林田氏 のどごし<生>は、2005年に発売を開始して以来、“グッさん”こと、山口智充さんをイメージキャラクターに起用しています。この3月も商品がリニューアルされ、よりおいしくなったことを、ブランドのいわばセールスマンとして山口さんが伝えていきます。この“グッさんバージョン”と並行して、「のどごし 夢のドリーム」キャンペーンを、今年1月から開始しました。最初の宣言として打ち出したのが、1月6日付朝日新聞朝刊の全30段広告です。

 おかげさまでのどごし<生>は、発売から9年目に入る今も、最も売れている新ジャンルの地位を保っています。ただ、競合商品が次々と生まれ、新成人をはじめとする新しい飲酒層も加わる中で特徴が埋没しないような施策が重要だと考えました。ブランドイメージがいつまでも古びないために、「のどごし<生>は、昨日も今日も明日もいいよね」と言っていただくために、これまでとは違ったお客様との接点を探りたかったのです。
  ポイントは「一方的なメッセージにならない」ということでした。ソーシャルメディアなどを介した双方向の盛り上がりが今の時代は大事です。「新ジャンルの商品にできるのは、のどを潤すことだけではない。一日を精いっぱい過ごしたあとに飲んだとき、ある種の達成感や幸福感も一緒に味わっていただきたい。そして、その気持ちは多くの人と共有できる。その共有感を、キリンビールとして、のどごし<生>として、皆さんと一緒に楽しんでいきたい」。電通さんに依頼する際にこんなこともお話しました。
  担当クリエーターを指名したわけではありませんが、「九州新幹線開業キャンペーン」で、「みんなで一緒に楽しむ企画」を成功させた正親さんの名前は、頭の片隅にはありました。

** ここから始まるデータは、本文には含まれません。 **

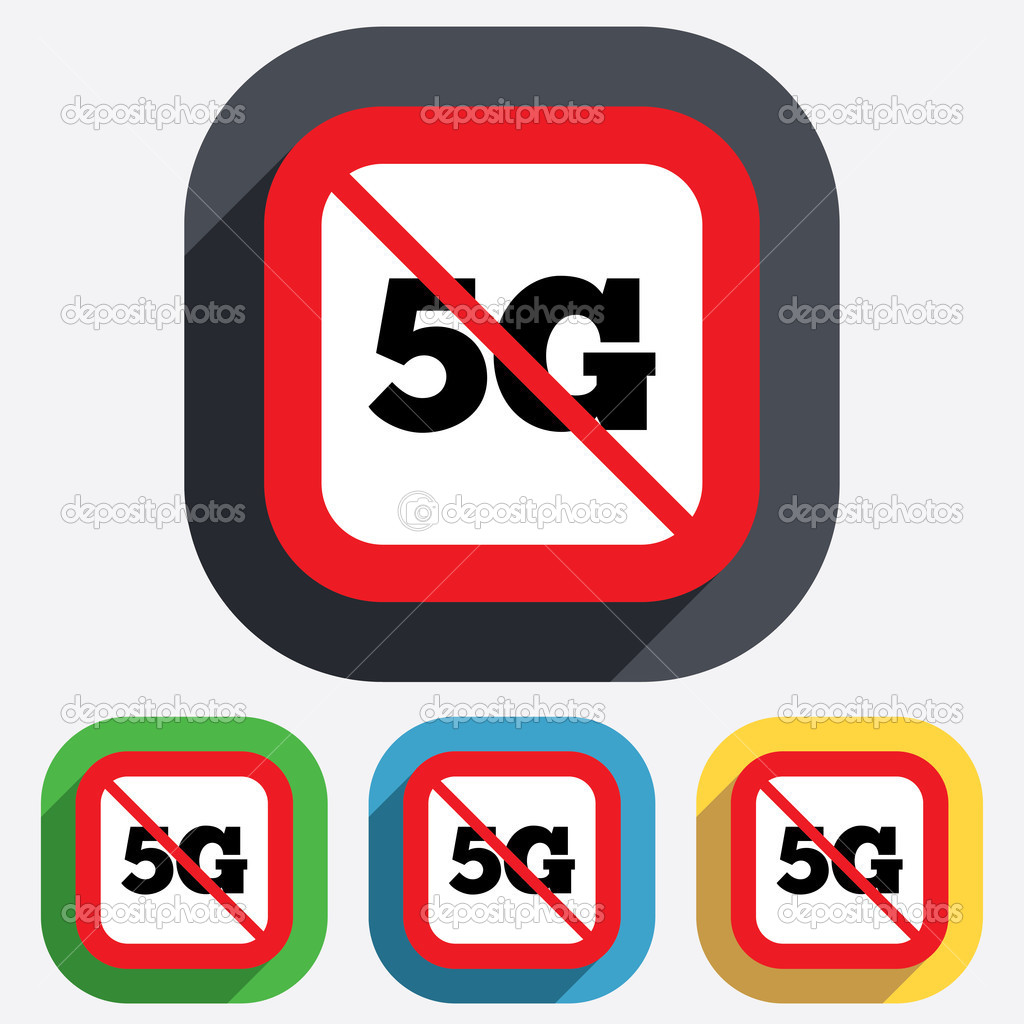 5G sign. Mobile telecommunications technology.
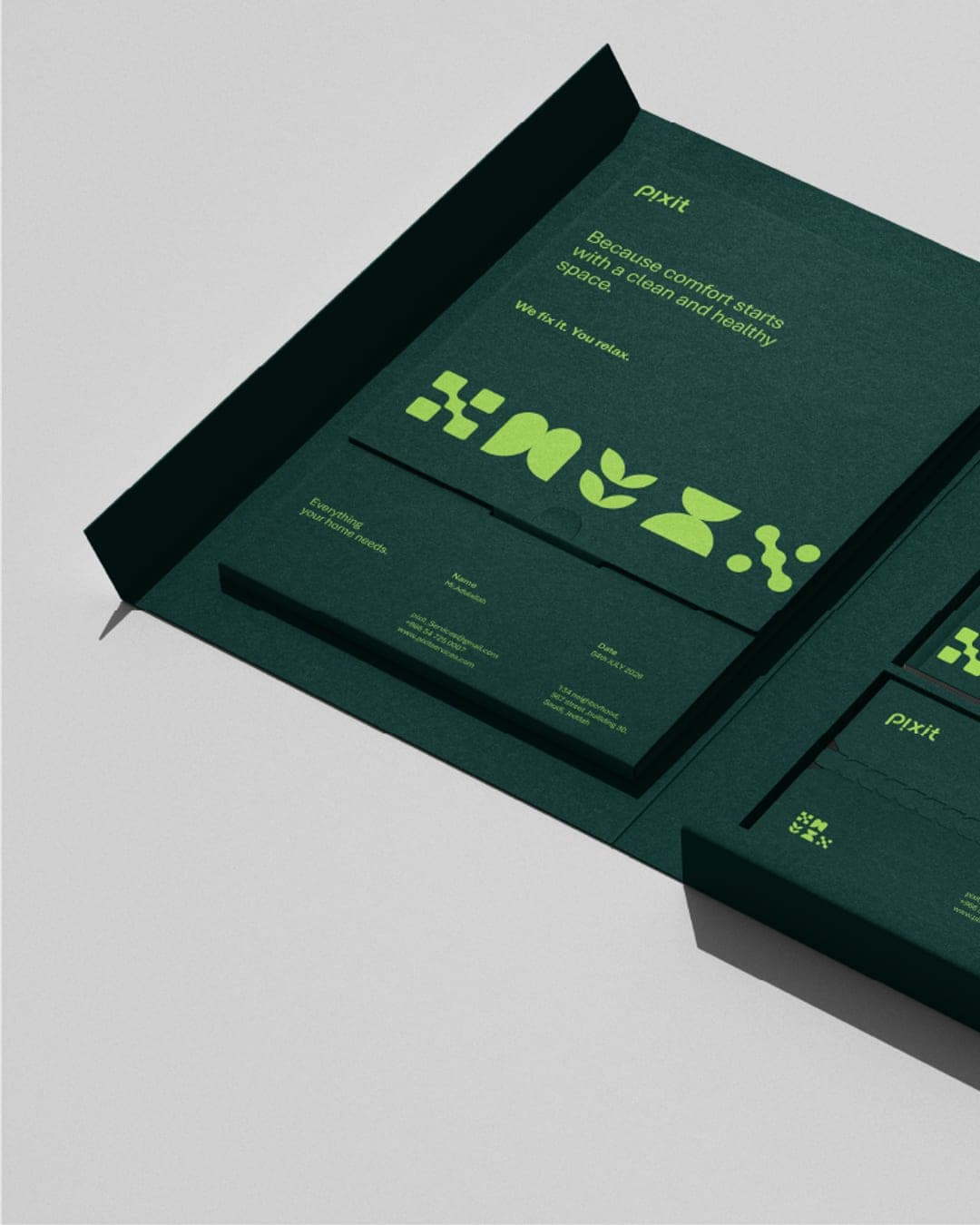 PIXIT | Branding – Home & Living identity by Ahmed Hussein, additional view 3 of 10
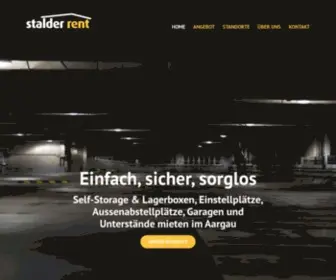 Stalder-Rent.ch(Lagerraum, Stellplätze & Garagen mieten) Screenshot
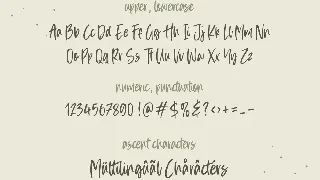 Simpleoak Handwritten Font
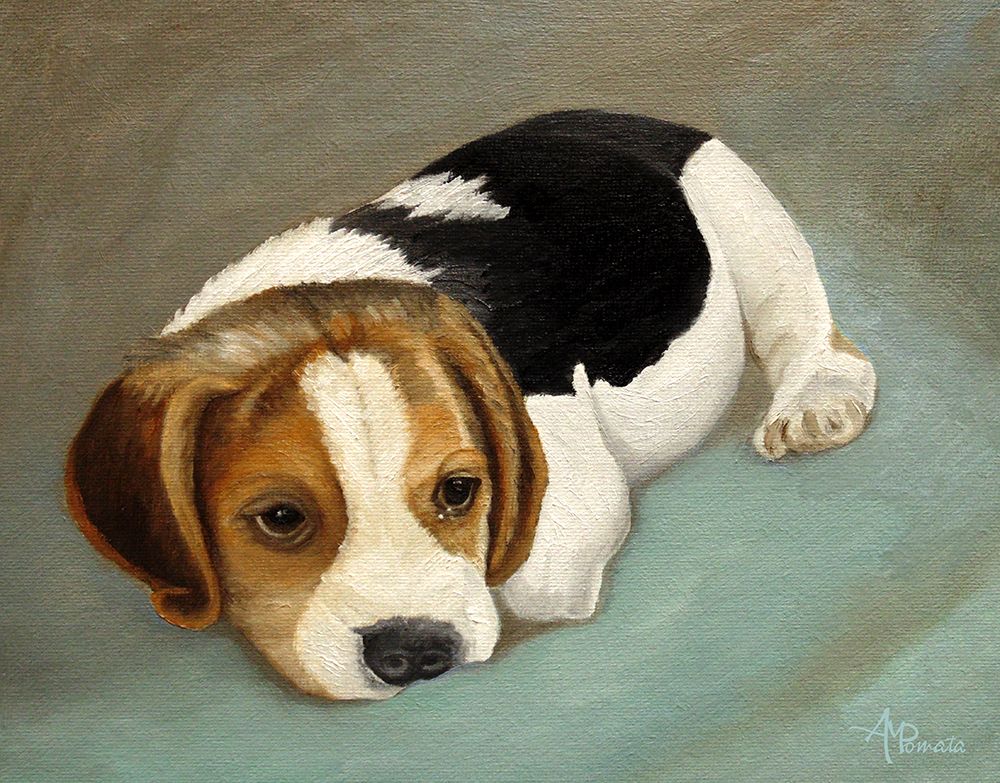 Cute Beagle art print by Angeles M. Pomata for $57.95 CAD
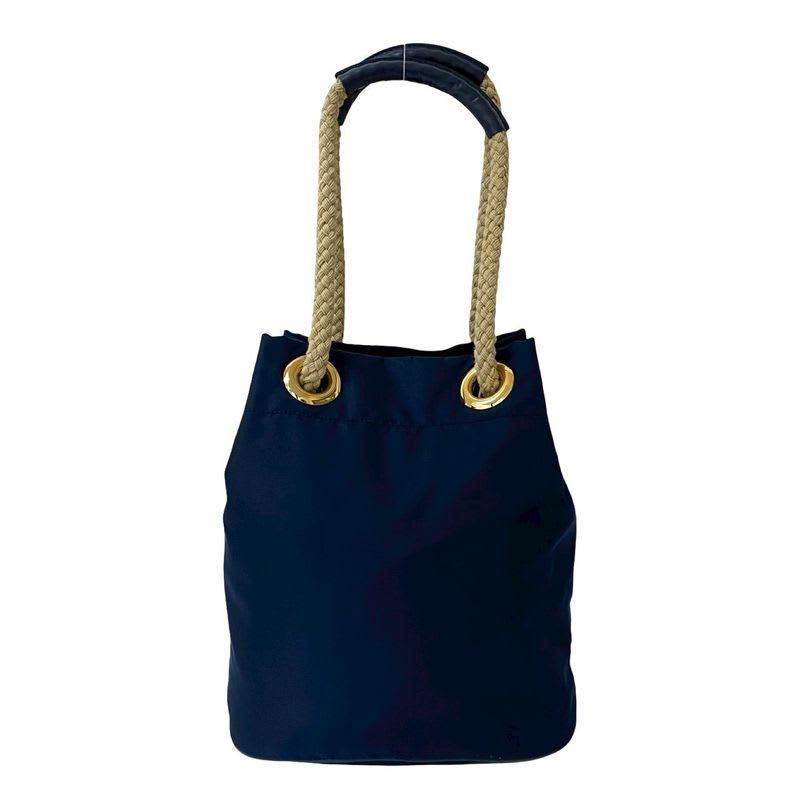 Prada Triangle Logo Plate Hardware Nylon Leather Shoulder Bag Handbag Tote Bag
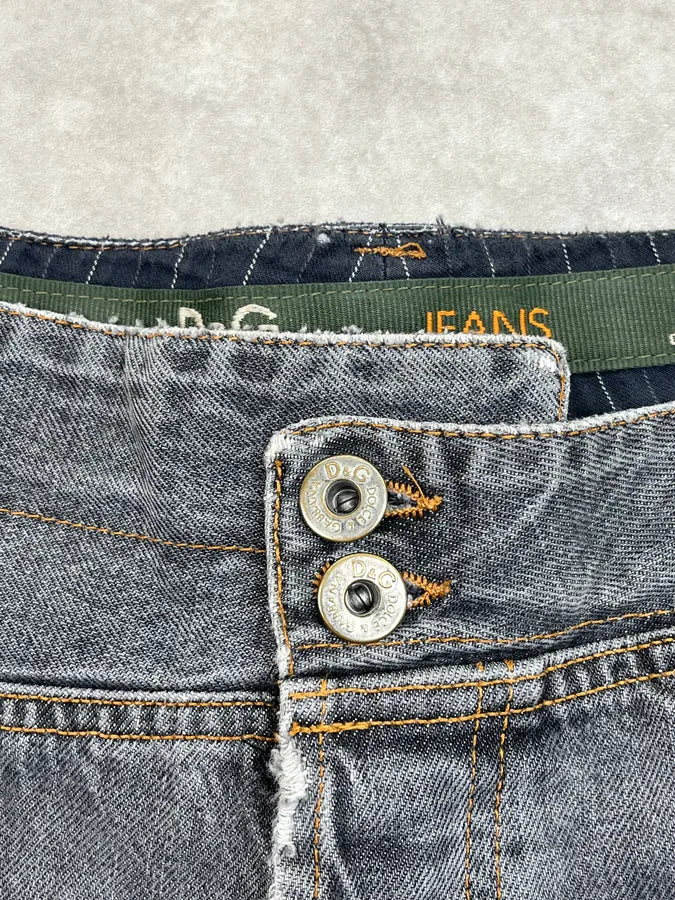 AW2004 Dolce & Gabbana Grey Multi Pockets Cargo Denim Jeans DbbgNMw 10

正親氏 企画の趣旨をうかがった時、大変な仕事になると思いました。世の中の人と一緒に何かを楽しみながら、商品を売らなければならないのだと。広告ですから当たり前のことかもしれませんが、「九州新幹線開業キャンペーン」のとき以上に、「売り」を意識する必要がありました。「面白くて売れる何か」を発明しなければなりません。成果にたどりつくまでに、この先も何段階か必要だと思っています。キリンビールがすごいのは、僕たち制作チームを信じてくださり、林田さんが「第1弾、第2弾、第3弾と続けていきましょう」と言ってくださる。これは大きなことです。

2013年1月6日付 朝刊 全30段

2013年1月6日付 朝刊 全30段

  企画のきっかけは、当社の営業担当者の「のどごし<生>を飲んでいる人って、みんないい人なんですよ」という一言でした。グループインタビューなどで出会う “キリンファン”や“のどごし<生>ファン”が、そろって感じがいい人が多いと言うのです。どうしてかなと思い、「のどごし<生>が売れている理由を詳しく調べてほしい」と頼みました。すると、「安価においしく楽しく酔えることを提供している商品で、一般生活者にとってそれがとてもプラスに作用している」という内容が上がってきました。これを聞いて、「気軽に楽しく酔う」ことを通して多くの人に幸せになってほしいと願うキリンビールの心意気と、のどごし<生>という商品を心から支持している“いい人たち”をつなぎ、肯定するような企画にしようと思いました。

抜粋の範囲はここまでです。